Partly because of our history, we have learnt something about financial crises. Our banking system in general was much better prepared and this is why now we are in a stronger position.

The crisis came after six years of tremendous growth in Latin America. But that growth came about not so much because of what we did, but rather – simply – because of the engine of growth in China and other Asia economies. Prospects remain good so long as the Chinese engine keeps working.

Even though we are in much better shape, the outlook depends on us – and on whether we understand that most of today’s revenues have to be invested in long term projects and not channeled to current fiscal expenditure.

It is important to understand that now is the time for Latin American countries to introduce some sort of structural rule on fiscal surpluses. We have to save now for the future. Most of the region’s surplus relates to natural resources, whether mining, oil or agriculture. It is not advisable to use this for current expenditure.

This new Latin America is a middle income Latin America. A number of countries now have per capita income on purchasing power parity of about $15,000 according to IMF figures. A number of countries are going to break the $20,000 mark by 2020 or earlier.
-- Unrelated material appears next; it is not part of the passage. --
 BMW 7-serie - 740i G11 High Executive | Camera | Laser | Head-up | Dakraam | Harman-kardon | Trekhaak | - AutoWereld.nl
When you are a middle income country, you have other demands. The landscape of Latin America has changed. Now you have a growing middle class and they have different demands from the Latin America that used to fight mainly against poverty. All those people that leave poverty behind are the emerging middle classes that have a different agenda. That agenda is education for their children, whether they will be able to reach secondary, or even tertiary education.

Latin American income distribution is still extremely unfair: it is one of the most uneven in the world. We know that it is possible to defeat poverty, but despite doing so, most countries remain extremely unequal. The big challenge is to improve income distribution.

The emerging middle classes are demanding more public goods and services from the state. It is therefore going to be necessary to have more fiscal income. We should not think that because we are experiencing sunny days today, this is not necessary: when sunny days are over fiscal budgets need to be structured in such a way that ordinary revenues will pay for ordinary fiscal expenses.

This means that we need some sort of tax increase. Taxation must represent an improvement in the short run in income distribution.

I would not say that the region should follow Chile’s example. But sound countercyclical economic policy means having a budget aligned according to a long term trend, either in potential gross domestic product or long term commodity prices.

In 2000, when the copper price was only $0.60/lb, I said that we should spend according to the long term price, something like $0.89. The moment of truth arrived in 2003 when copper prices went up to $2/lb and then $3/lb, but because of the fiscal rule, I couldn’t spend more than the long-term prices at that time. All the difference was saved for the rainy days, and they arrived in 2008 with the global crisis.

If the current commodities cycle started in 2000, then by 2020 it is going to be over. The big issue is what are we going to do during the next five years? Are we going to be able to save in order to invest in our long term growth? It is not a question of picking the winners but of whether we are going to be able to build adequate infrastructure and services as well as technology that can add value added to our exports.

An economic cycle is coming to an end in the sense that we need different tools to keep our economies going. A social cycle is also coming to an end because the fight against poverty has now become the fight for the new demands of the emerging middle classes.

Chile today is suffering the pains of this growth. And as Colombia’s president Juan Manuel Santos put it, what we are seeing today in Chile is what we will to see in the near future in other Latin American countries.

The instruments and tools that made Chile a success story over the past 20 years are not the tools and public policies that we need for the next 20 years. Because we succeeded, we changed the country, and because we changed the country we now need to change our agenda and our public policies.



Ricardo Lagos was President of Chile from 2000 to 2006.